[Your instructions]:
Begin at the line below that has "França vence Marrocos". Stop after the line that has "174 Falcon Drive Luling, TX 78648", repeating each line exactly and leaving out the pictures.

[Material for the task]:
%%
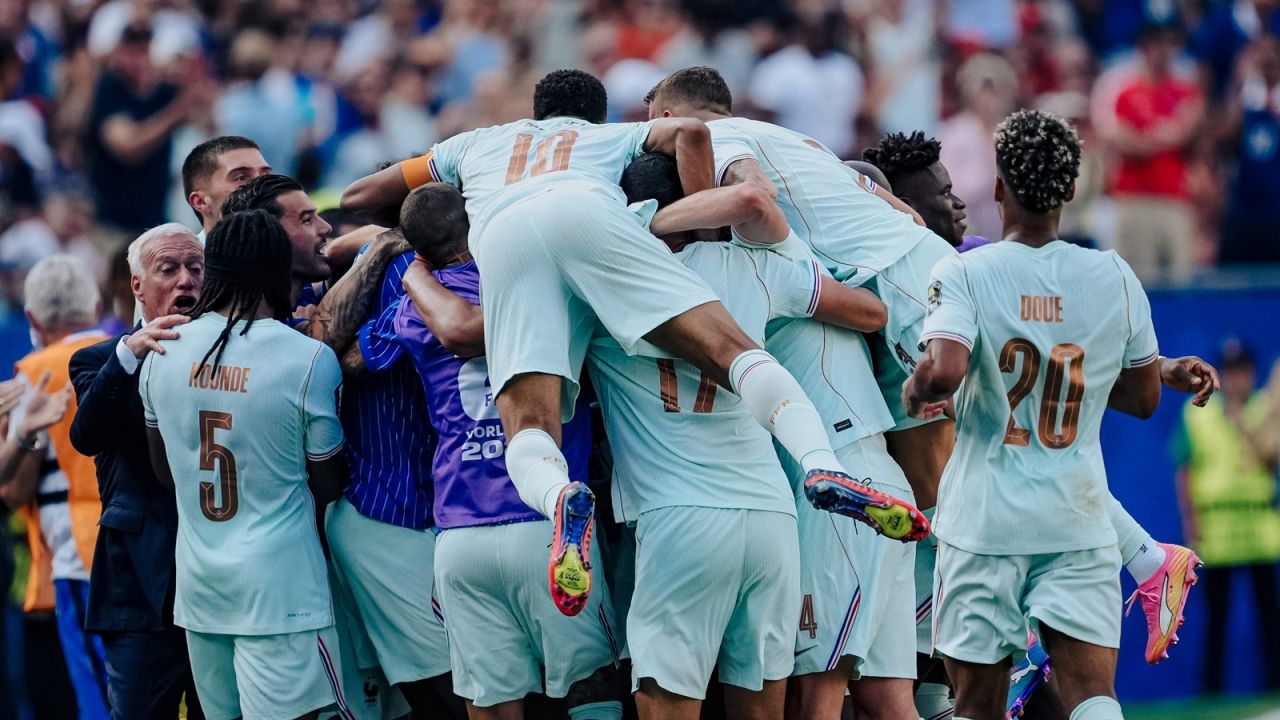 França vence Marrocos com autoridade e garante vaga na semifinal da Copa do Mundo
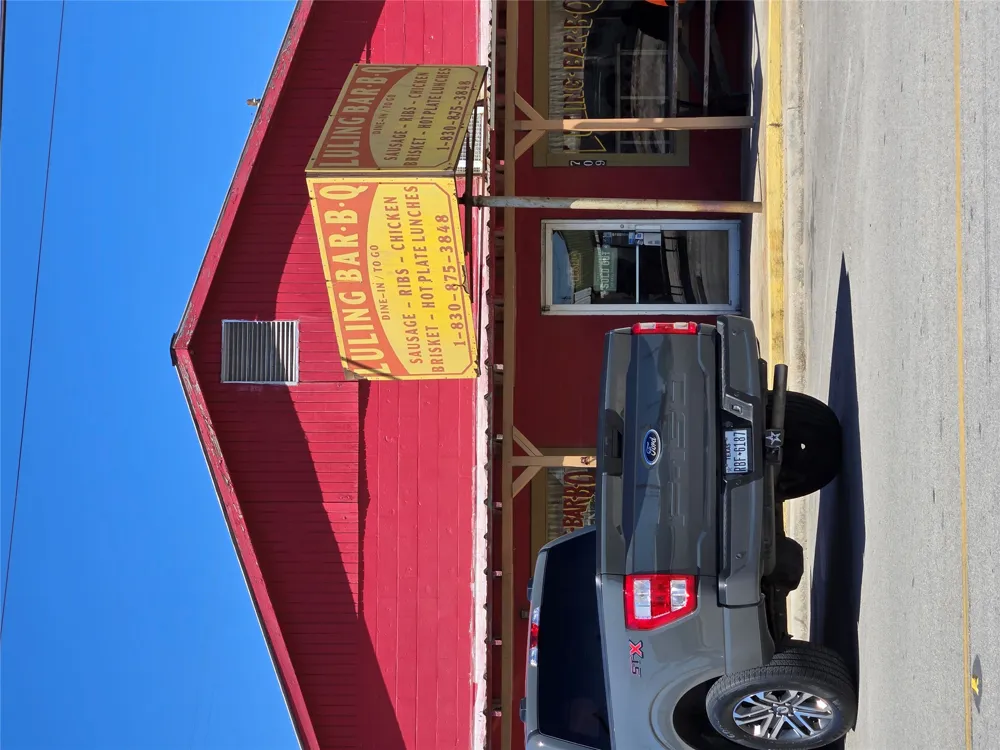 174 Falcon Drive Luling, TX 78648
%%
%%
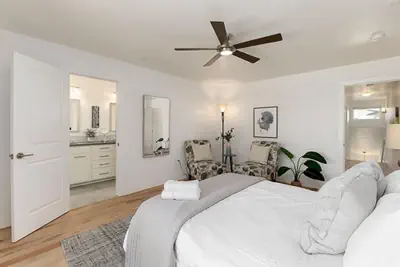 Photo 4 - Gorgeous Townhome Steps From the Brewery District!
%%
[Exercise output]:
 França vence Marrocos com autoridade e garante vaga na semifinal da Copa do Mundo
 174 Falcon Drive Luling, TX 78648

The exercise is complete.